# Timing marks or tool to lock timing on the 2016 GEN 2 1.4L turbo



## Ma v e n (Oct 8, 2018)

The timing marks on the cam gears are dots that go at 12oclock when timing.
The crank keyway goes at noon also.
The chain has colored links that line up on the timing dots.

The cam holding tool is _EN-51367 and goes on the hexagonal flats on the cams. Laser 7033 is an aftermarket kit with 3 tools including a version of the EN51367

you can actually rig up a set cheaper with some harbor freight wrenches and vice grips or welding.
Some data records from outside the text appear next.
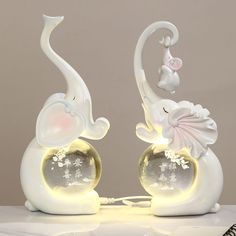 two white elephants are sitting on top of a table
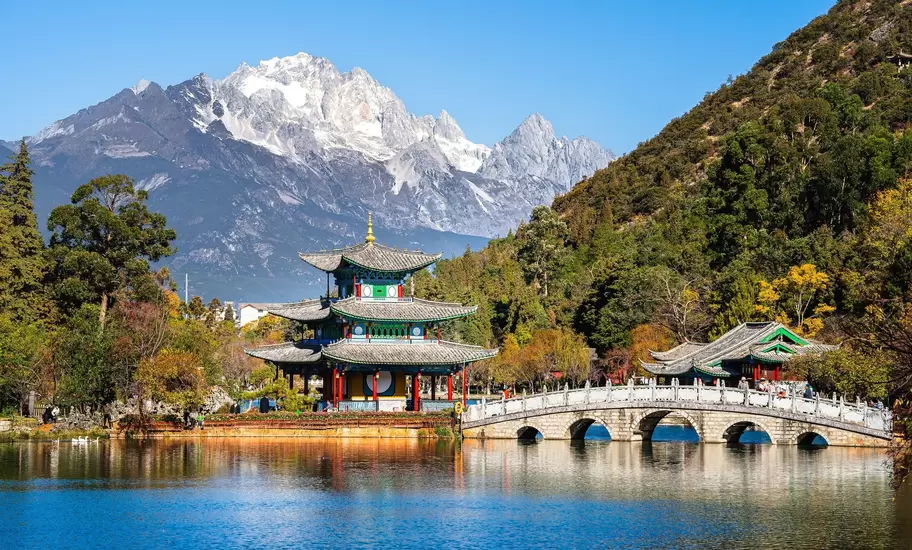 Pagoda and arched marble bridge on Black Dragon Pool in Lijiang with snowy Jade Dragon Snow Mountain behind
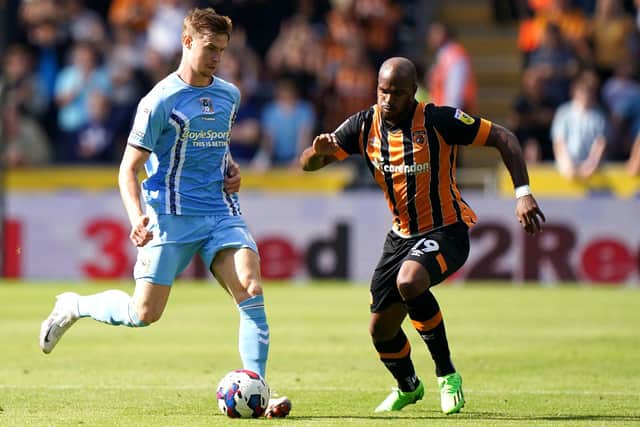 YOU'RE IN: Hull City's Oscar Estupinan battles for the ball against Coventry City's Ben Sheaf (left) at the MKM Stadium at the weekend. Picture: Tim Goode/PA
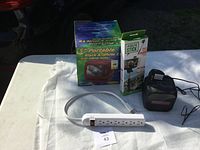 Full view of lot showing boxed vintage 5-inch black and white TV with AM/FM radio, selfie stick, digital clock radio, and power strip on white table outdoors.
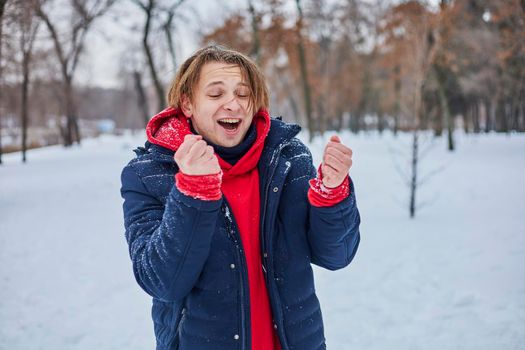 a young happy man is having fun in a winter park, throwing snow, it is cold in his hands, the emissions are off scale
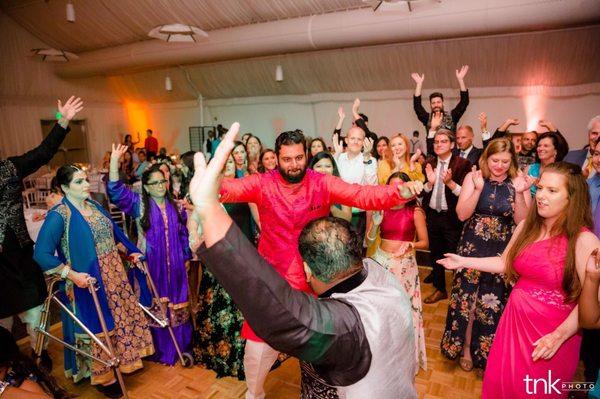 Reggie the Mc, teaching everyone how to dance to Indian music. He made sure we had a full dance floor.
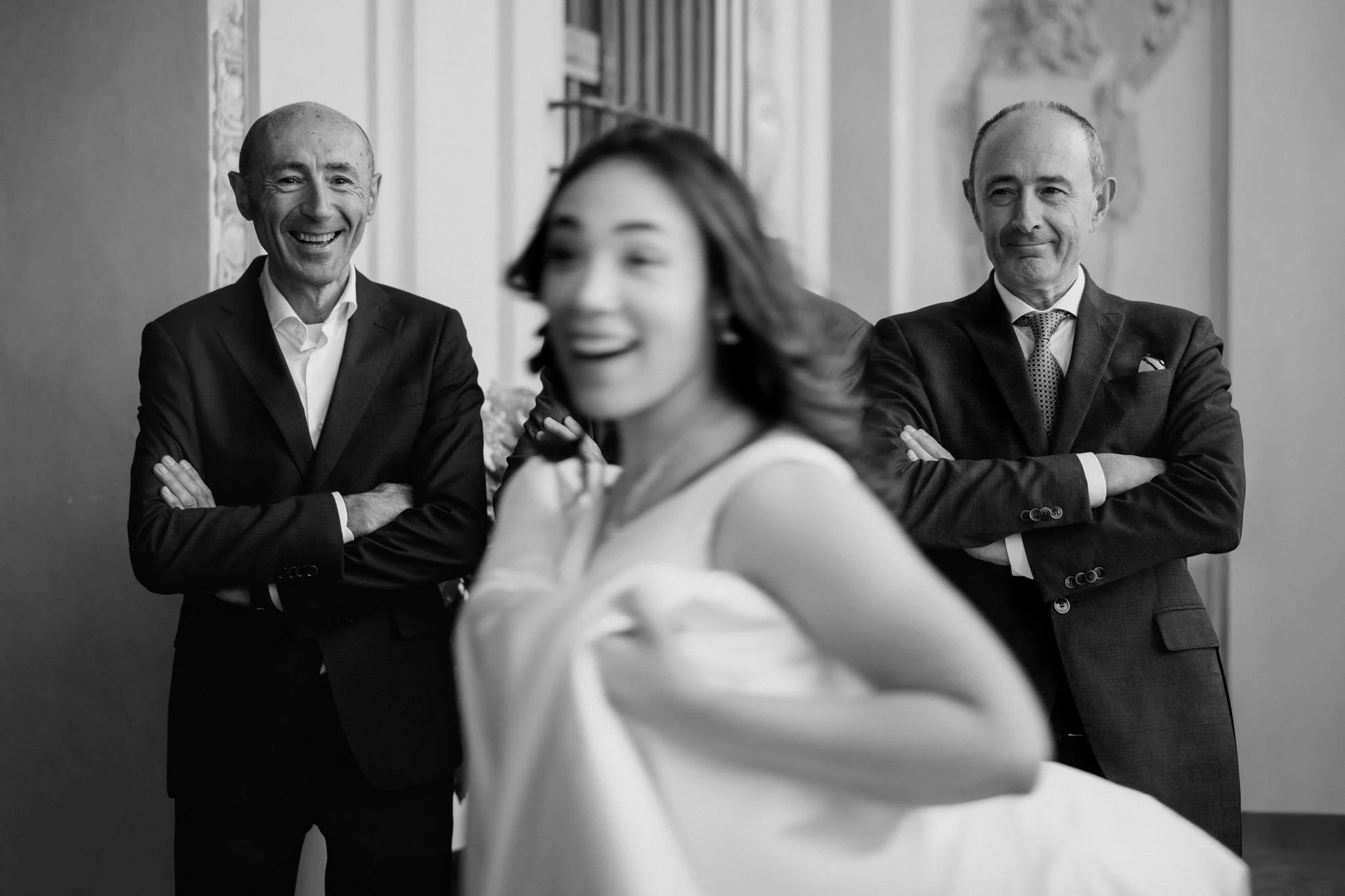 Tre persone sorridenti, due uomini in abiti formali e una donna in abito bianco, si trovano in un ambiente elegante, probabilmente un evento o una riunione.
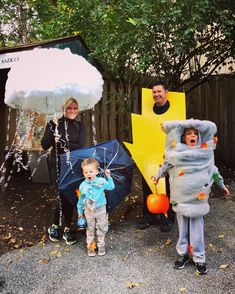 three adults and two children dressed up in costumes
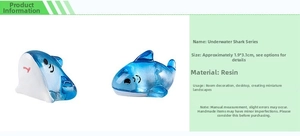 Detailed close-up of cute blue resin shark figurines for micro-landscape desktop decor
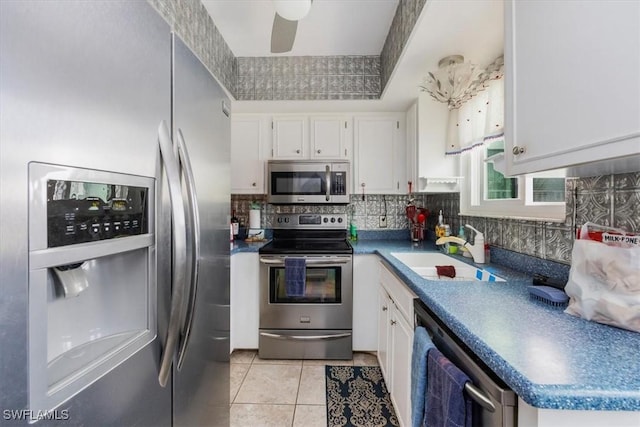 kitchen featuring light tile patterned floors, stainless steel appliances, a sink, white cabinetry, and tasteful backsplash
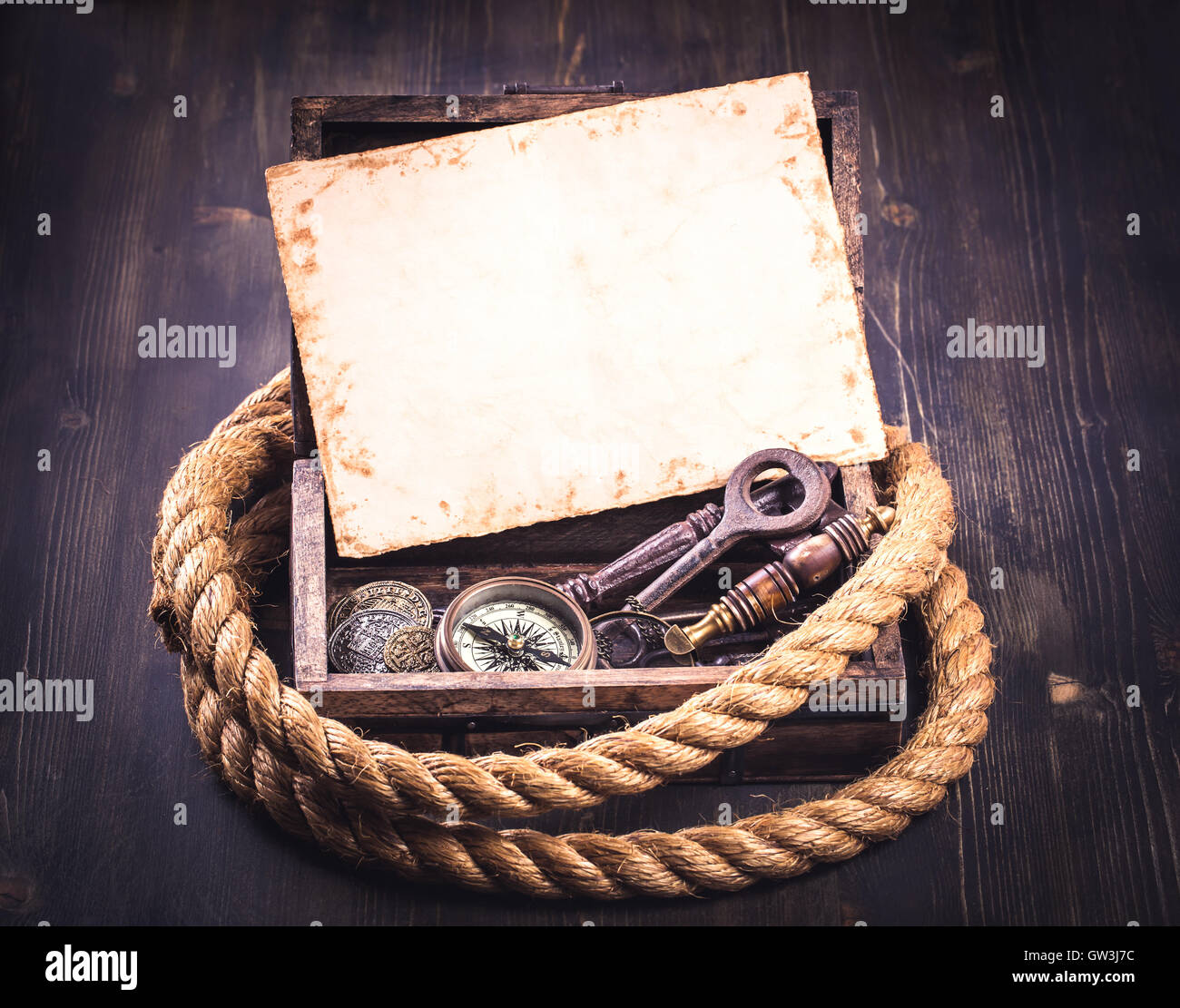 Old card and marine accessories in wooden box Stock Photo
tue bigger issue is resealing the injectors. There's no aftermarket variant of the tool that I'm aware of, and the factory kit is really large and obscenely expensive. Not properly resealing the injectors results in combustion leaks _


----------



## Bennycreech (May 28, 2020)

Thank you sir i wanted to make sure the kit i ordered was for the older style I got it today and i was thinking i cant lock the tool in the slots on the cams because mine only has a slot on the exhaust one the intake one has a lobe to run the fuel pump with no slot in it. On my chain i only have one colored link that is orange rest is all silver but i do have the dots on both up and key way up i will have to get or make the tool to lock cams i really thank you for the help i will keep fingers crossed on the fuel injectors. Thanks Ma v e n.


----------



## WillL84 (Aug 5, 2019)

You're out of your 60k mile powertrain warranty I'm assuming?


----------



## Bennycreech (May 28, 2020)

yes i am at 92k


----------



## WillL84 (Aug 5, 2019)

Bennycreech said:


> yes i am at 92k


That sucks then. Too bad GM won't do anything like an extended warranty due to this known issue with the 16 and 17 LE2 engines


----------



## Ma v e n (Oct 8, 2018)

WillL84 said:


> That sucks then. Too bad GM won't do anything like an extended warranty due to this known issue with the 16 and 17 LE2 engines


It's a known issue with millions and millions of engines from virtually every manufacturer.
It's not a GM only problem, and it's one that can easily be induced/avoided by customer actions, to provide a recall on all of them would be foolish. The 1.5L LFV suffered from LSPI to a larger degree and was harder to mitigate, that's why the Malibu also received more warranty dollars to rectify it.


----------